What can happen if the police want to talk to me for threatening someone?
Full Question:
Answer:
The text of the Fifth Amendment reads as follows: "No person shall be held to answer for a capital, or otherwise infamous crime, unless on a presentment or indictment of a Grand Jury, except in cases arising in the land or naval forces, or in the militia, when in actual service in time of War or public danger; nor shall any person be subject for the same offence [sic] to be twice put in jeopardy of life or limb; nor shall be compelled in any criminal case to be a witness against himself, nor be deprived of life, liberty, or property, without due process of law; nor shall private property be taken for public use, without just compensation."
The Fifth Amendment's right against self-incrimination permits individuals to refuse to answer questions or disclose information that could be used against them in a criminal prosecution. The purpose of this right is to inhibit the government from compelling a confession through force, coercion, or deception. Confessions produced by these methods are deemed unreliable because they are often involuntary, unwitting, or the result of the accused's desire to avoid further browbeating rather than being the product of candor or a desire to confess.
In criminal proceedings, the U.S. Supreme Court's decision in Miranda v. Arizona, 384 U.S. 436 (1966) established the rules under which the Self-Incrimination Clause applies to proceedings before trial. In Miranda, the Court held that any statements made by a defendant while in police custody will be inadmissible during prosecution unless the police first warn the defendants that they have
(1) the right to remain silent;
(2) the right to consult an attorney before being questioned by the police;
(3) the right to have an attorney present during police questioning;
(4) the right to a court appointed attorney if the defendant cannot afford to hire a private attorney; and
(5) the right to be informed that any statements they make can and will be used against them at trial.
The Miranda case acknowledged that these warnings were not expressly mentioned anywhere in the text of the federal Constitution. However, the Court concluded that the warnings constituted an essential part of a judicially created buffer zone that is necessary to protect rights that throughout the Bill of Rights are expressly afforded to criminal defendants. Thus, if a defendant confesses to a crime or makes an otherwise incriminating statement to the police, that statement will be generally excluded from trial unless the defendant was first read the Miranda warnings.

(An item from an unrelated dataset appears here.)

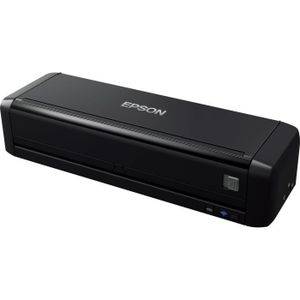 EPSON Scanner Workforce DS-360W - ? défilement - Couleur - USB 3.0 - RectoVerso - A4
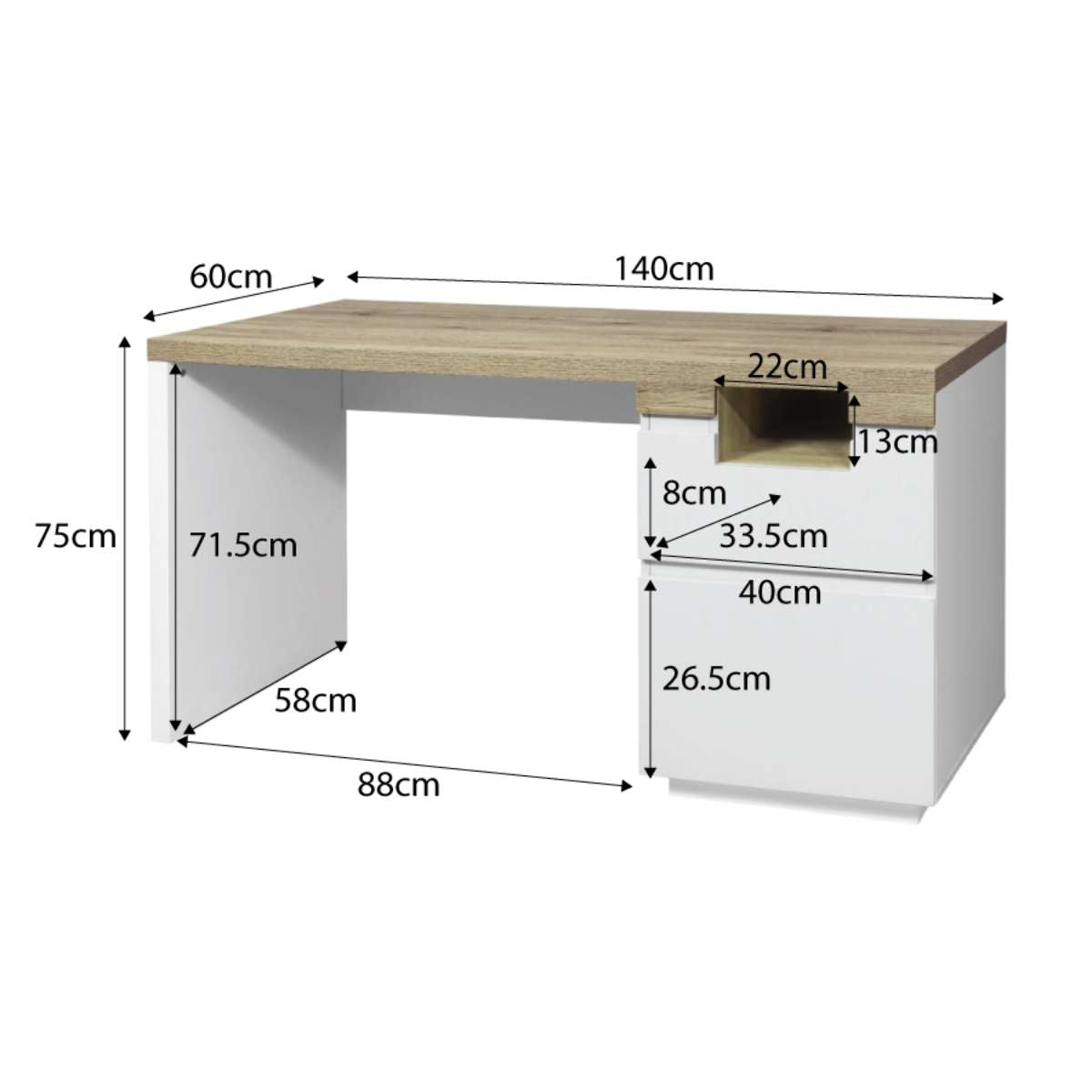 Sadie Desk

Because of its lack of textual support in the federal Constitution, legal observers have long predicted the demise of Miranda. Much of this speculation has been fueled by subsequent cases in which the Supreme Court carved out exceptions to Miranda. For example, the Court ruled that when a defendant makes an un-Mirandized incriminating statement followed by a later Mirandized confession, the subsequent confession should not be excluded from trial(see Oregon v. Elstad, 470 U.S. 298 [1985]). However, law enforcement officials cannot completely ignore the requirement of Miranda warnings. In 2004, the Court reviewed a case in which officers interrogated a suspect for 30 to 40 minutes without Miranda warnings, eliciting a confession during the process. Once the suspect confessed, the officers gave the Miranda warnings and then led the suspect to give the same account for a second time. In this instance, the Court determined that the confession was involuntary and that this practice violated Miranda. (Missouri v. Seibert, 542 U.S. 600 [2004]).
18-3-206. Menacing.
(1) A person commits the crime of menacing if, by any threat or physical
action, he or she knowingly places or attempts to place another person in
fear of imminent serious bodily injury. Menacing is a class 3 misdemeanor,
but, it is a class 5 felony if committed:
(a) By the use of a deadly weapon or any article used or fashioned in a
manner to cause a person to reasonably believe that the article is a deadly
weapon; or
(b) By the person representing verbally or otherwise that he or she is
armed with a deadly weapon.
18-3-204. Assault in the third degree.
A person commits the crime of assault in the third degree if the person
knowingly or recklessly causes bodily injury to another person or with
criminal negligence the person causes bodily injury to another person by
means of a deadly weapon. Assault in the third degree is a class 1
misdemeanor and is an extraordinary risk crime that is subject to the
modified sentencing range specified in section 18-1.3-501(3).